From v2.0.0 onwards, the default redirect path is disabled by default (enableDefaultRedirect = false). Prior to this release it was set to true by default.

If you wish to enable the default redirect path /r/tp2, then you would need to set enableDefaultRedirect = true in your config.hocon file. Alternatively, you can set the default endpoint to false (disabled) and instead set up a custom user-defined url for redirects. For example, the following configuration will only allow redirects for the custom-defined /com.acme/redirect-me endpoint, whereas the default /r/tp2 will not be available.

enableDefaultRedirect = false
paths {
  "/com.acme/redirect-me" = "/r/tp2"
}

Setting up an SQS buffer (2.0.0+)

The lack of auto-scaling in Kinesis results in throttled streams in case of traffic spikes and Stream Collector starts accumulating events to retry them later. If accumulation continues long enough, Stream Collector will run out of memory. To prevent the possibility of a broken collector, we decided to make it possible to configure an SQS buffer which can provide additional assurance during extreme traffic spikes.

SQS is used to queue any message that Stream Collector failed to send to the Kinesis and the sqs2kinesis application is then responsible for reading the messages from SQS and writing to Kinesis once it is ready. In the event of any AWS API glitches, there is a retry mechanism which retries sending the SQS queue 10 times.

The keys set up for the Kinesis stream are stored as SQS message attributes in order to preserve the information. Note, the SQS messages cannot be as big as Kinesis messages. The limit is 256kB per message, but we send the messages as Base64 encoded, so the limit goes down to 192kB for the original message.

Setting up the SQS queues

(This section only applies to the case when SQS is used as a fallback sink when Kinesis is unavailable. If you are using SQS as the primary sink, then the settings below should be ignored and the good and bad streams should be configured as normal under streams.good and streams.bad respectively.)

To start using this feature, you will first need to set up the SQS queues. Two separate queues are required for good (raw) events and bad events.

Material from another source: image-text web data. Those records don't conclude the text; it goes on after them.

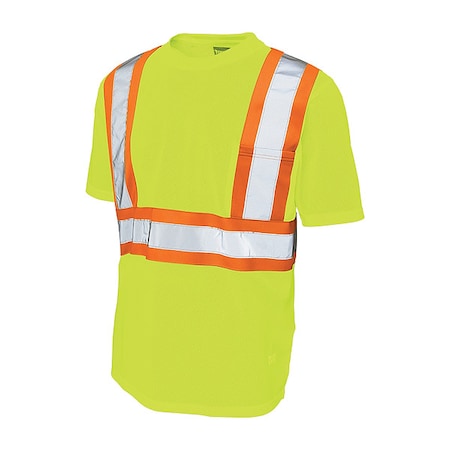 Tough Duck High Visibility Short Sleeve Shirt, 2, R, Polyester, Green/Yellow, L S39211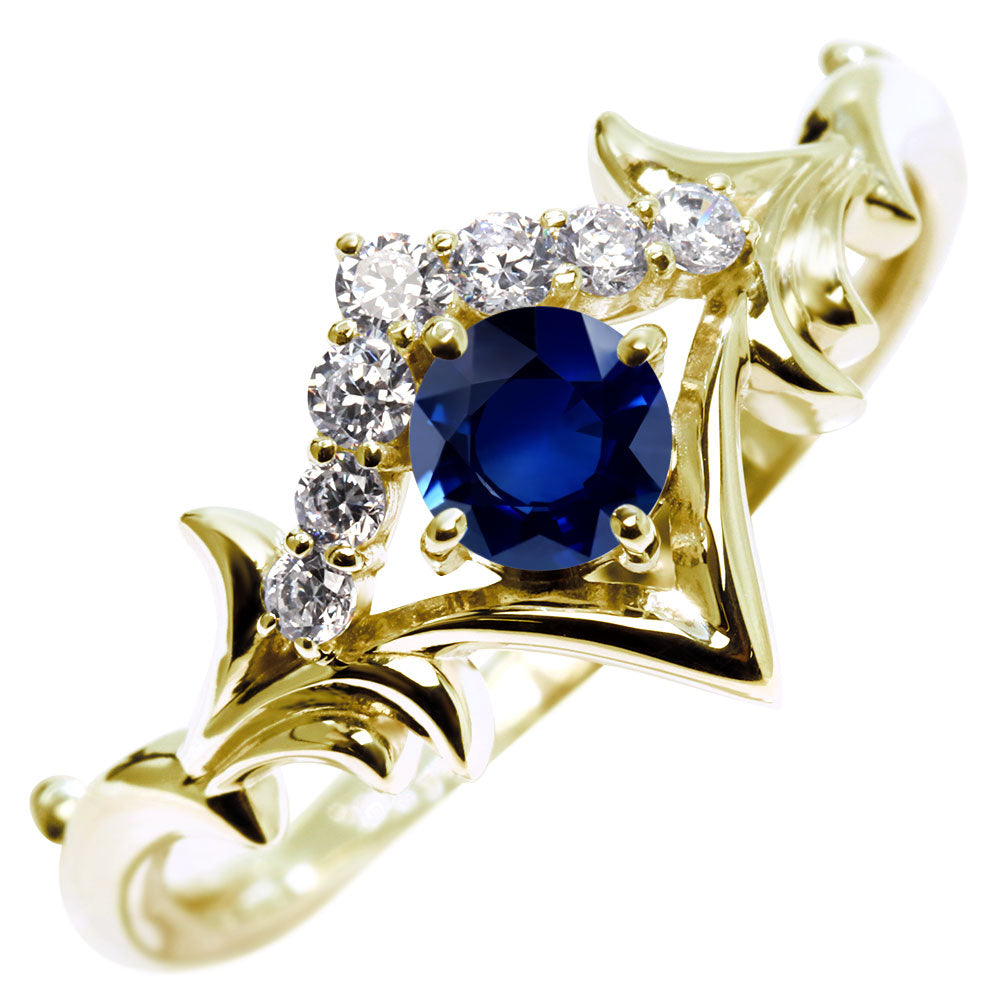 誕生石 リング レディース ティアラ 指輪 10金 18金 プラチナ シルバー 選べる 天然石 4mm 女性 大人 高級 王冠 リーフ 華やか ゴージャス (品番 mr-0481)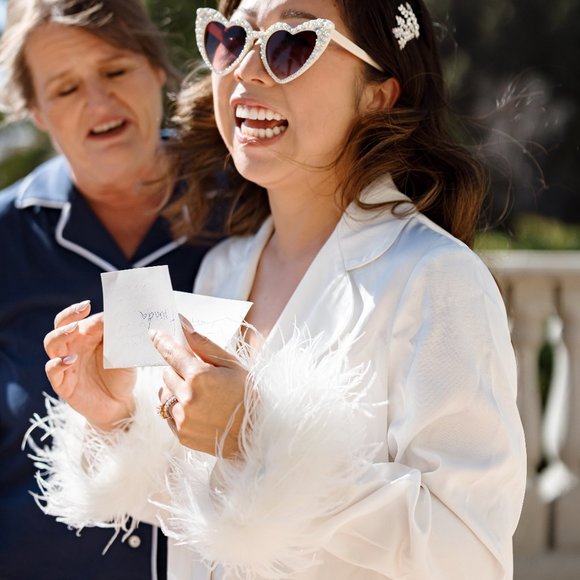 Nadine Merabi "Darcie" Feather Pajamas in White - Size S/M - Picture 11 of 12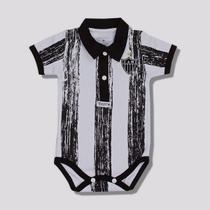 Body Atlético Mineiro Stripe Branco e Preto Body Atlético Mineiro Stripe Branco e Preto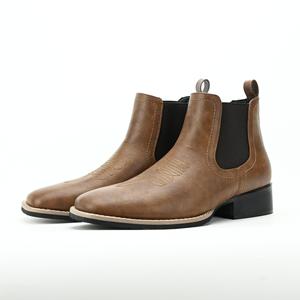 Botas Chelsea Occidentales de Punta Cuadrada Negras para Hombre, Tobilleras, de Cuero Genuino, Suela de Goma, Transpirables, para Todas las Temporadas - Product Image 5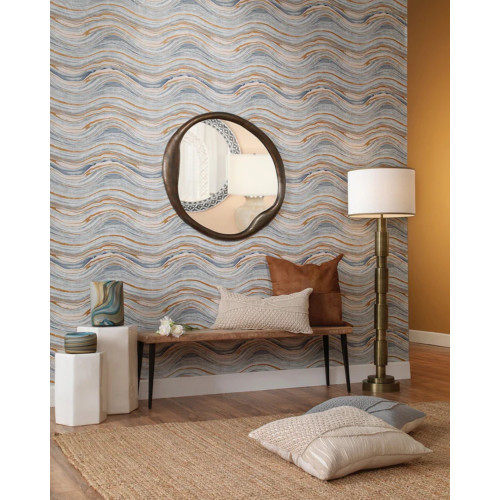 Aluminum Framed Round Wall Mirror - 35" - Brass Finish - IMAGE 1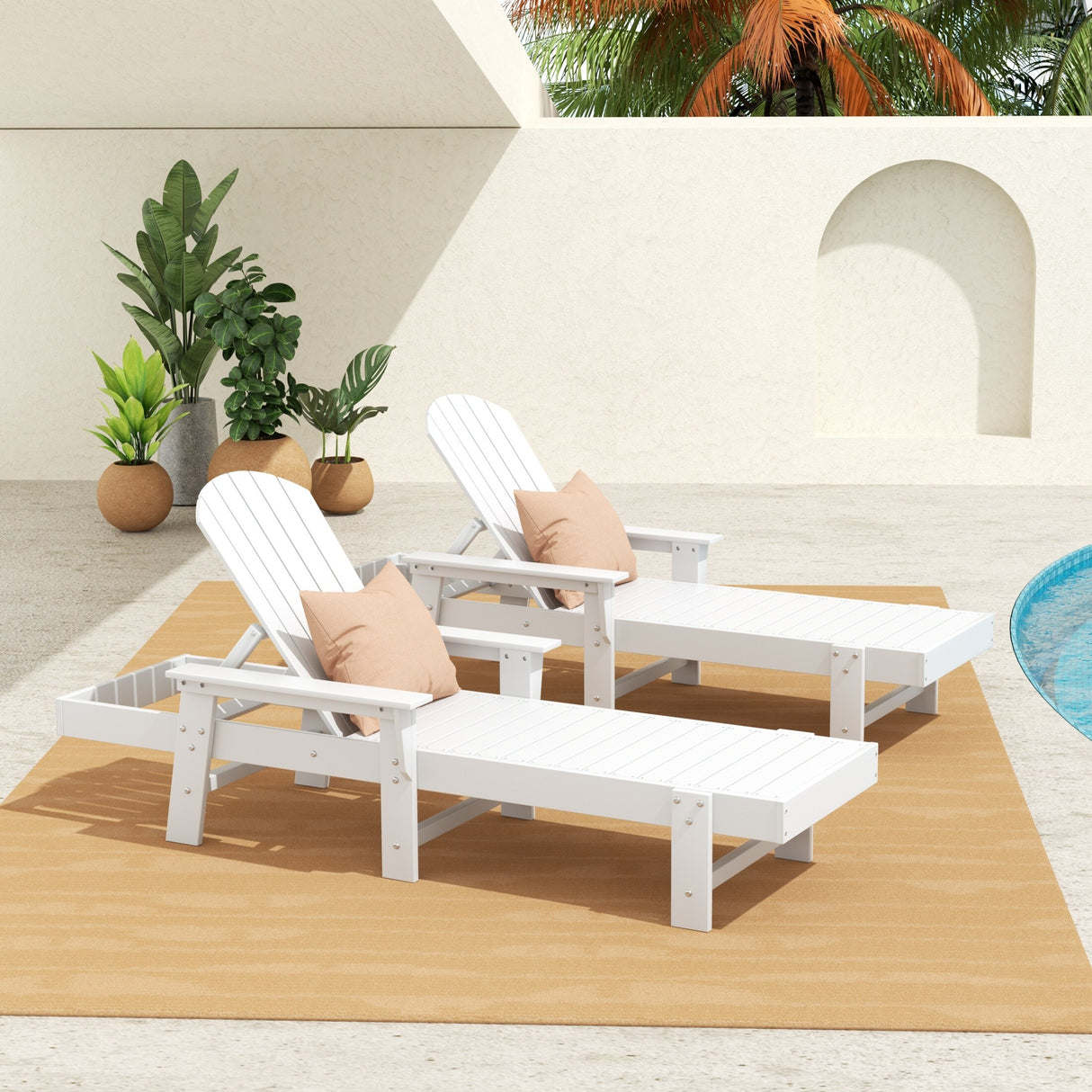 Polytrends Altura Poly Eco-Friendly All Weather Reclining Chaise Lounge with Arms (Set of 2)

The Collector then needs to be informed about the queue names, and this can be done by adding these as entries to config.hocon:

sqsGoodBuffer = {good-sqs-queue-url} sqsBadBuffer = {bad-sqs-queue-url}

Setting up the sqs2kinesis application

(This application can be used to move data from SQS to Kinesis, regardless of whether SQS is being used as a fallback or primary sink.)

The application (sqs2kinesis) is used to read messages from the SQS queue and send them to the Kinesis stream using a back-pressured mechanism. The sqs2kinesis application deals with decoding messages and setting up the appropriate keys for the Kinesis stream.

It can be found on Docker Hub.

To configure the app, either set the environment variables SQS_QUEUE, KINESIS_STREAM_NAME and SENTRY_DSN, or create application.conf with:

sqs2kinesis { sqs-queue = ... kinesis-stream-name = ... sentry-dsn = ... }

and specify the path of the file by adding -Dconfig.file=path/to/config-file to the JAVA options.